You need to remember that clojure vectors are NOTHING like arrays. They're persistent ultra-wide tree structures. I was curious if you were right and vectors were the wrong choice, so I profiled the code.

I had the big-test function run several times to actually show the real numbers (you need to prime the JVM to get a real indication of its speed):

  ~/Projects/palindromes % 〕bin/run-tests 

  1000 X ' amanaplanacanalpanama ' 
  naive : (skipped)
  fast  : "Elapsed time: 449.397 msecs"
    "Elapsed time: 182.432 msecs"
    "Elapsed time: 149.721 msecs"
    "Elapsed time: 162.804 msecs"
    "Elapsed time: 159.086 msecs"

http://gist.github.com/264369

     CPU SAMPLES BEGIN (total = 205) Sun Dec 27 10:52:27 2009
     rank   self  accum   count trace method
        1  1.46%  1.46%       3 301336 clojure.template__init.load
        2  1.46%  2.93%       3 300339 java.lang.Class.forName0
        3  0.98%  3.90%       2 301445 clojure.lang.PersistentHashMap.containsKey
        4  0.98%  4.88%       2 301456 clojure.lang.RestFn.invoke
        5  0.98%  5.85%       2 301486 clojure.lang.PersistentVector$TransientVector.editableTail
        6  0.98%  6.83%       2 301487 clojure.lang.PersistentVector$TransientVector.conj
        7  0.98%  7.80%       2 301465 clojure.lang.PersistentVector.chunkedSeq
        8  0.98%  8.78%       2 301489 palindromes$ext_centers__96$fn__101.invoke
        9  0.98%  9.76%       2 301498 clojure.lang.PersistentList.first
        10   0.98% 10.73%       2 301482 clojure.lang.PersistentVector$TransientVector.conj
I do see a lot of vector activity, but no smoking gun. As other people have pointed out in this thread, SBCL is notorious for being very good at recursing down big data structures. It's also notorious for being totally terrible with lots of other common tasks. I suspect this is just a case where the algorithm runs in such a way that languages that compile down all the way have a big advantage.

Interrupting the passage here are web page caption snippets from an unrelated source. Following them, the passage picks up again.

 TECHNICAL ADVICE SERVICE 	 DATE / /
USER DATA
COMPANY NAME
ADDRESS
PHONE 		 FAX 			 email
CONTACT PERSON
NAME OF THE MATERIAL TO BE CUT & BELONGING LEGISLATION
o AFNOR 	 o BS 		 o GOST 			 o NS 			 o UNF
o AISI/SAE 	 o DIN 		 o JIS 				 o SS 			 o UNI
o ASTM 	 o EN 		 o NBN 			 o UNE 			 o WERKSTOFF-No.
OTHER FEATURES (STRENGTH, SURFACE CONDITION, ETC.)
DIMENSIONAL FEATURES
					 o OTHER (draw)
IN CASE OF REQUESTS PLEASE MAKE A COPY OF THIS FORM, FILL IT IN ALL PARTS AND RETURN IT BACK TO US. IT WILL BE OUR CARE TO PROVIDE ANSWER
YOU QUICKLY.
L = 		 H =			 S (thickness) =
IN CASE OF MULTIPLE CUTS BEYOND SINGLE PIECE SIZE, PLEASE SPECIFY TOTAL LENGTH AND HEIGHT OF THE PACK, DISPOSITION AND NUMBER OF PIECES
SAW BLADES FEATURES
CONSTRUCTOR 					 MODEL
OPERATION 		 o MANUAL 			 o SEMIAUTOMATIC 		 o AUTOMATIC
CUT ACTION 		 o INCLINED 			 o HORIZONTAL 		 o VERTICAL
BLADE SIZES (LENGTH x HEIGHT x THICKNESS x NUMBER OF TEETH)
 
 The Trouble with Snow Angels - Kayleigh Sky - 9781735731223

I've asked some more experienced hands in #clojure on freenode to take a stab at it. There are a lot of recent optimization developments in the clojure-1.1.0 release that I don't know how to use well yet. Hopefully someone there can tackle it.


Vectors may be implemented very differently from mutable arrays, but it is my understanding that they allow for efficient appends and updates, not efficient prepends. I would still switch to using lists, if only because when doing performance comparisons between languages and implementations you want the code and data structures to be as identical as possible.

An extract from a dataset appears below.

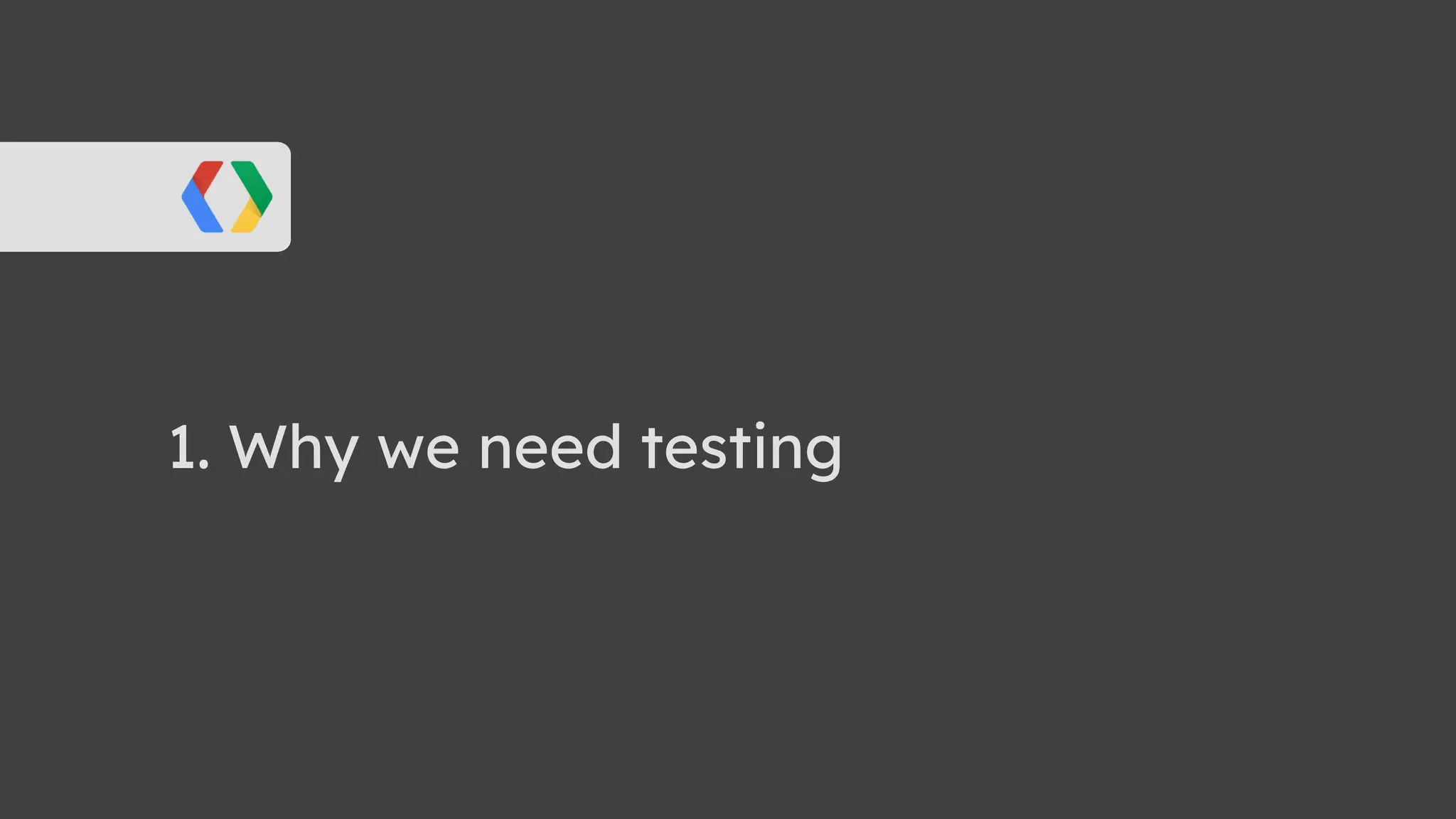 1. Why we need testing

Using lists instead of vectors brings the Clojure version down to around 10X the speed of the CL code.

  user=> (#'i27.palindromes/big-test)

  1000 X ' amanaplanacanalpanama ' 
  fast  : "Elapsed time: 183.748 msecs"


SBCL is very impressive. Until recently[1], it was far and away the quickest implementation for a dynamic language. Considering we have yet to see invokedynamic or tail calls on the JVM, I'm rather unsurprised by SBCL's comfortable lead in performance.

[1] LuaJIT 2


There are other Lisp compilers which are about as fast as SBCL. For example on my Mac, the 64bit LispWorks is for many tasks faster than SBCL. SBCL is faster for some numerics, but 'typical' Lisp programs are running faster in the 64bit LispWorks. Then there is Scieneer CL, which is also forked from CMUCL, like SBCL.

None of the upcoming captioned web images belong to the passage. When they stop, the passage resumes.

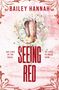 Bailey Hannah: Seeing Red, Buch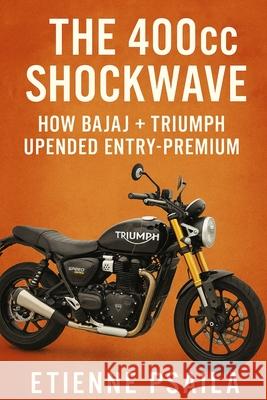 The 400cc Shockwave: How Bajaj + Triumph Upended Entry-Premium Etienne Psaila 9781923593558 Independently Published - książka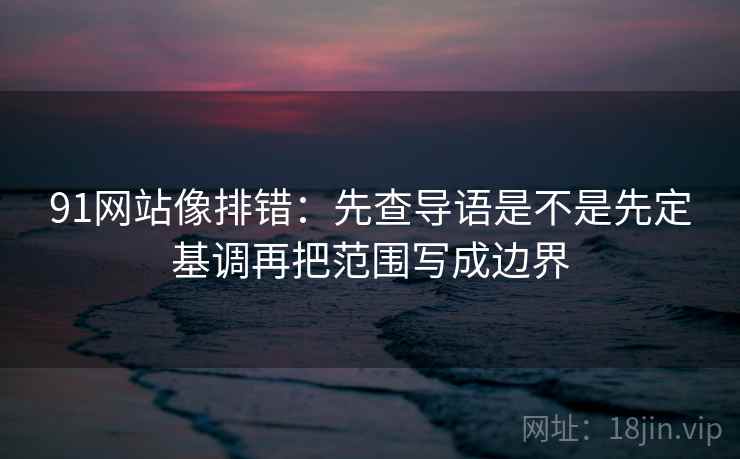 91网站像排错：先查导语是不是先定基调再把范围写成边界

There are many more compilers for dynamic languages that people usually don't know. I would be careful to claim 'fastest', given that only few advanced compilers in that area are known to people.


I think SBCL's speed is orthogonal to invokedynamic and tail call elimination. Those features would not speed this benchmark up very much.


> invokedynamic or tail calls

Neither would improve Clojure's performance.


Tail calls would improve Clojure performance since you wouldn't have to trampoline.

Edit: Not that they would, necessarily, improve the speed of this benchmark that much.


It seems easy to hit some implementation wart that makes performance abysmal - it's hard to believe that a JVM targeted language would be 20x times slower. Case in point - I tried the benchmark with a bigger input - the performance ratio between the 'fast' implementations remained the same. Incredibly, though, the CL implementation took nearly 2 minutes to construct the input string, something that is essentially instant in the Clojure version.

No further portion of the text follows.